The Cité de la Dentelle et de la Mode is a museum of lace in Pas-de-Calais in northern France. It is one of two museums in France to celebrate machine lace making, the other being Musée des Beaux-arts et de la Dentelle d'Alençon. The museum is an Anchor point on the European Route of Industrial Heritage. Cité de la Dentelle et de la Mode is a museum of both fashion and industry, its vast galleries present the techniques, the lingerie, and haute couture associated with this prestigious textile, as well as its most contemporary aspects. Derived from a technique invented in England in the nineteenth century, today lace woven on Leavers looms is primarily produced in Northern France. The Museum for Lace and Fashion is a focal hub for fashion. In its exhibition gallery, it showcases great couturiers and renowned young designers alike (Cristóbal Balenciaga, Anne Valérie Harsh, Iris Van Herpen, Hubert de Givenchy, On Aura Tout Vu, Yves Saint Laurent.)

== History ==

- 1816 – the first Leavers loom, made in England, arrives in Calais. Four years later 500 women are working on finishing the lace.
- 1824 – 40 manufacturers run 55 looms and employ 137 workers. 900 women complete the products.
- 1874 – the Boulart factory was built in two main phases, consisting of three main buildings on four levels arranged in a U around a central courtyard. In the interior square, two stair towers allowed the workers to access the floors by passageways and this without going through the competing workshops. This architecture of large factories allowed through the central courtyard an easy access to the workshops and a spatial layout responding to a new organization of work.
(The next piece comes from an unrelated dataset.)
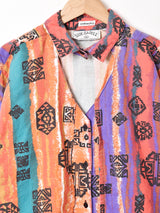 ネイティブ柄 長袖 デザインシャツ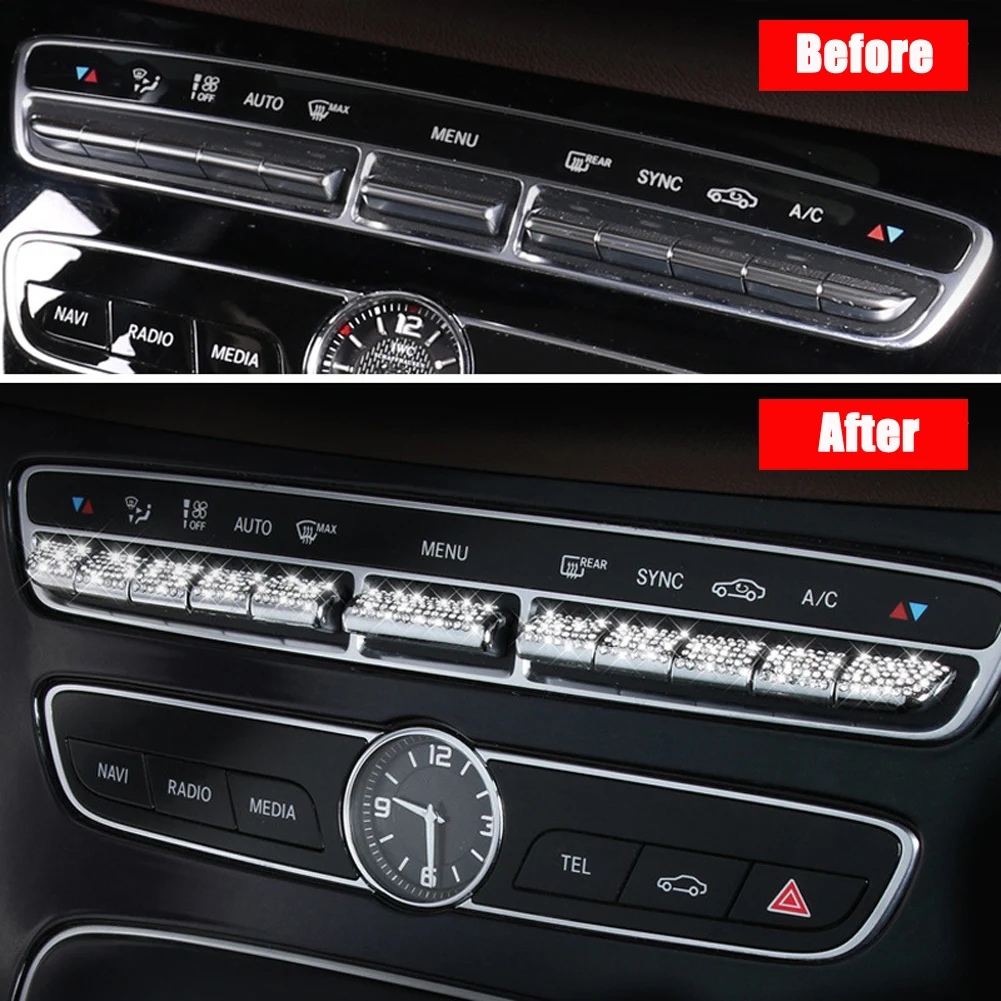For Mercedes Benz C E GLC Class W205 W213 X253 Car Accessories Interior Center Control Air Condition Buttons Diamond Cover Trim For Mercedes Benz C E GLC Class W205 W213 X253 Car Accessories Interior Center Control Air Condition Buttons Diamond Cover Trim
The introduction of the steam engine justifies its location.
- 1927 – 170 trades resonate their bobbin carts, their number increases until the First World War to reach 2,744 Leavers trades and 31,000 employees.
- 1932 – the crisis put an end to 1,200 professions and the Second World War reduced the number to 319. Calais was then the world leader in lace.
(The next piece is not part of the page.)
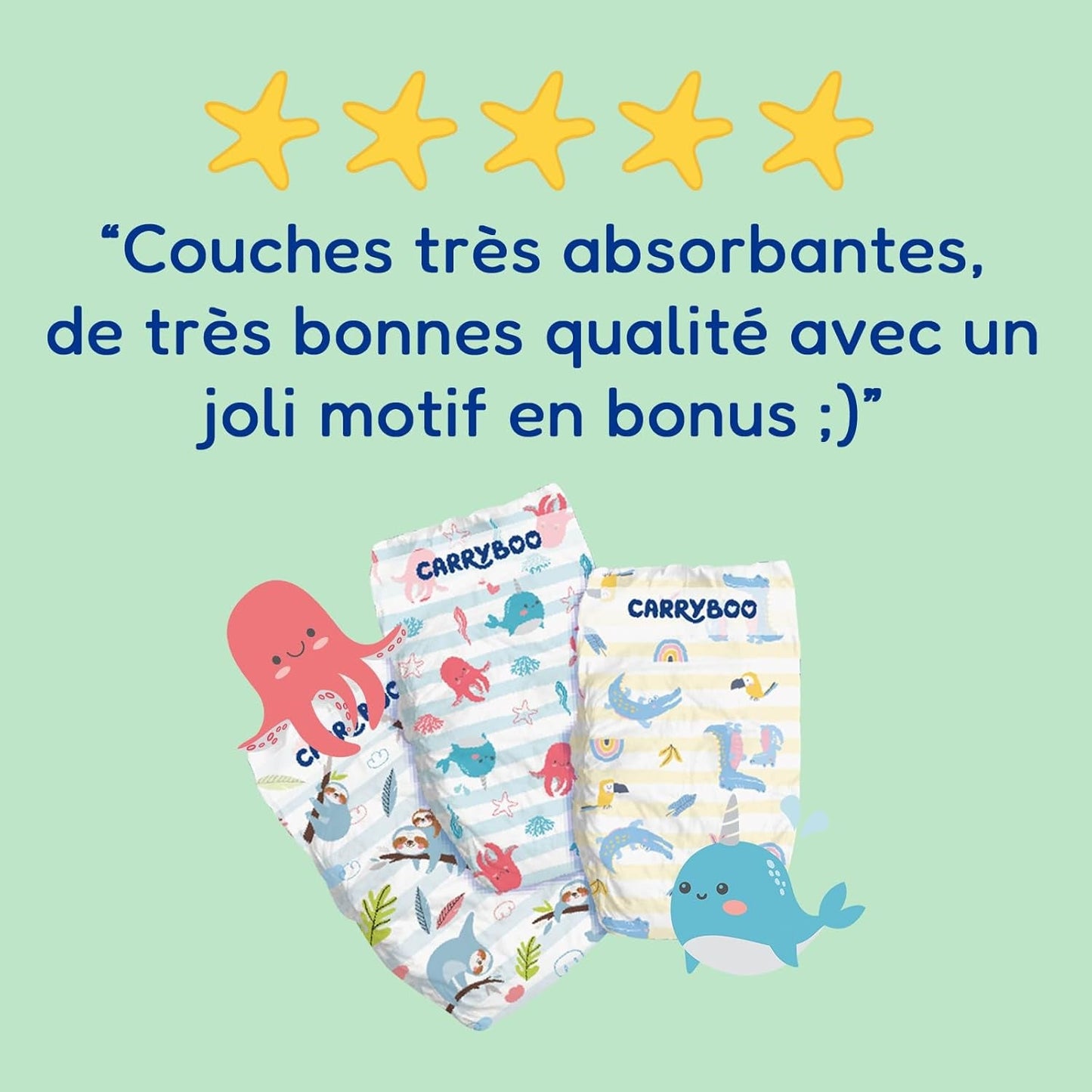 - Taille de couche 4+ 9-20 kg – Ökologische Babywaidern – natürliche Babypflege, hypoallergen, ohne Parfüm und auslaufsicher – hermestellung in Frankreich – 126 couches jetables – 1 mois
- knitted lace that imitates mechanical Leavers weaving sounded the death knell for Leavers lace with the new Raschel, Jacquardtronic and Textronic looms.
- 1987 – the city acquires the site.
- 1991 – project feasibility studies
- 1995 – a team is formed for the foreshadowing of the city of lace around a curator.
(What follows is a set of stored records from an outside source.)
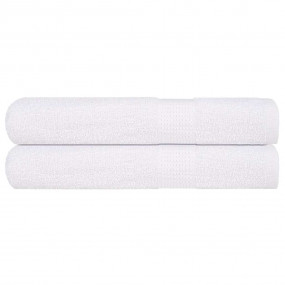 Sauna Towel Set of 2 White 100% Cotton 31.5 x 78.7 in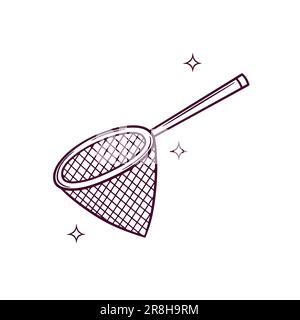 Reti da pesca disegnate a mano. Illustrazione dello schizzo vettoriale di Doodle Illustrazione Vettoriale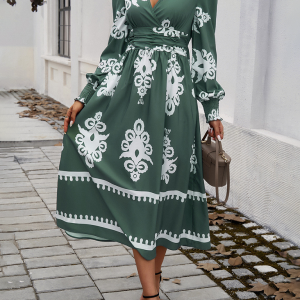 Contrast color print elegant v-neck long sleeve dress
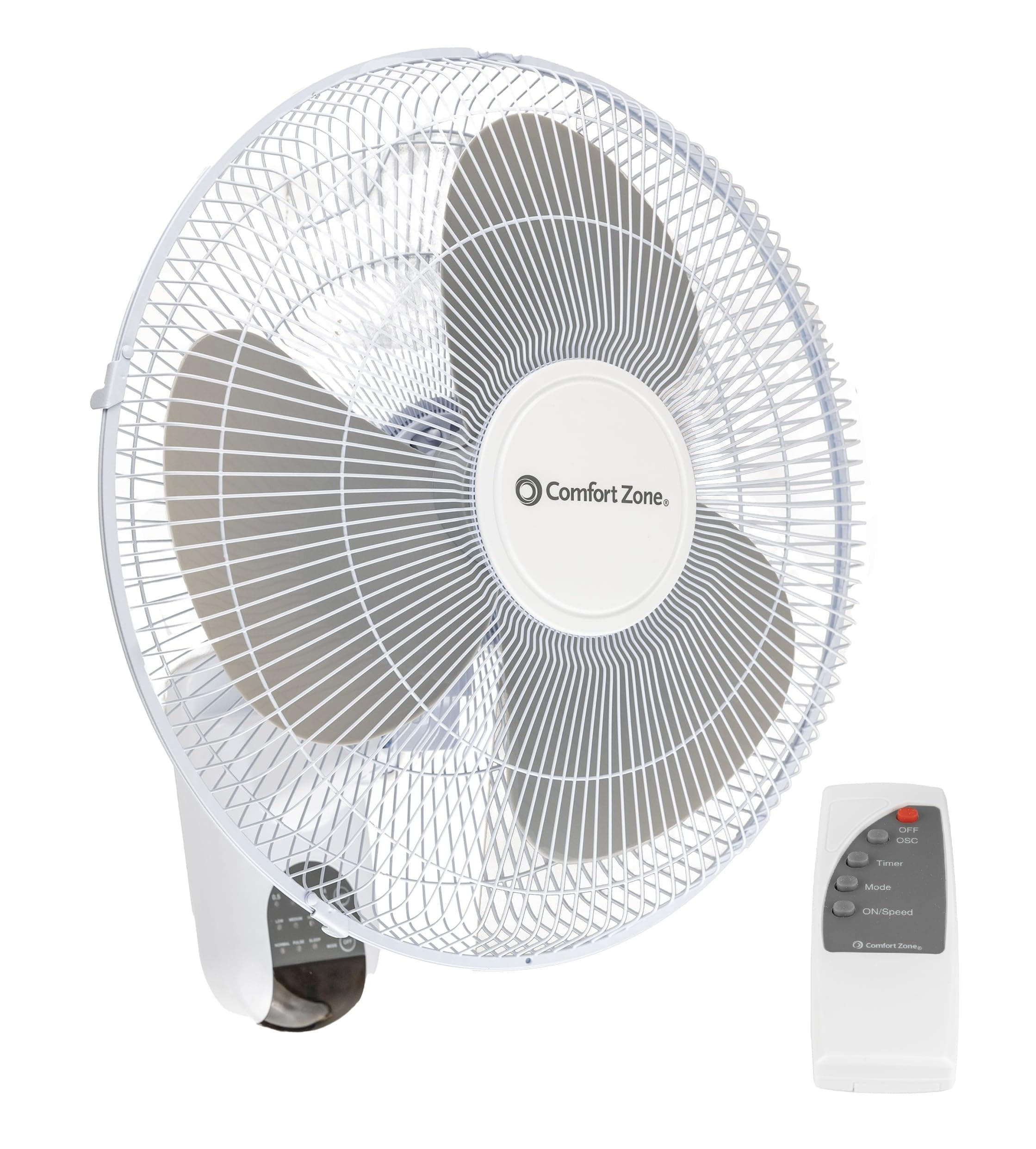 Comfort Zone Oscillating Wall Mount Fan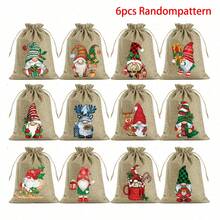 1/6/12pcs,Pack Christmas Gift Wrapping Bags With Drawstring Closure, Suitable For Small Trinkets, Apples, Candies, Chocolates, Party Favors For &, Gift For Holiday Parties - A - View 8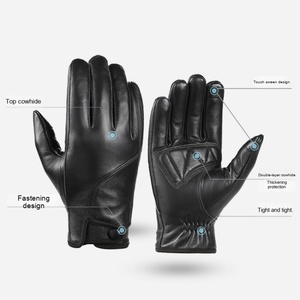 Gants en cuir de vachette véritable de première qualité pour hommes, doux et respirants, pour un usage quotidien, hiver, extérieur, moto - Product Image 2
- 1999 – the architects of the city are Henri Rivière and Alain Moatti, winners of the competition for the rehabilitation of the former Boulart factory. Their twenty-seven million euro project was to deploy the Cité over 7,800 m2 spread over a contemporary building on the Quai de la Gendarmerie side with a glass facade evoking the sensual curves of women, screen-printed with Métier Jacquard cardboard patterns and the old factory made of existing yellow brick masonry accented with the blue, orange and red hues of the window glazing.
- 2009 – on 14, 15, 16, 17 and 18 May the project is carried out and as part of the Long Night of Museums a monumental and temporary work by the Italian artist Maria Dompé was presented in sound and light until 24 May 2009. The work required 80 kilometers of lace at a cost of €210,000.
- 2010 – building rehabilitation project by the Bordeaux architecture firm Flint.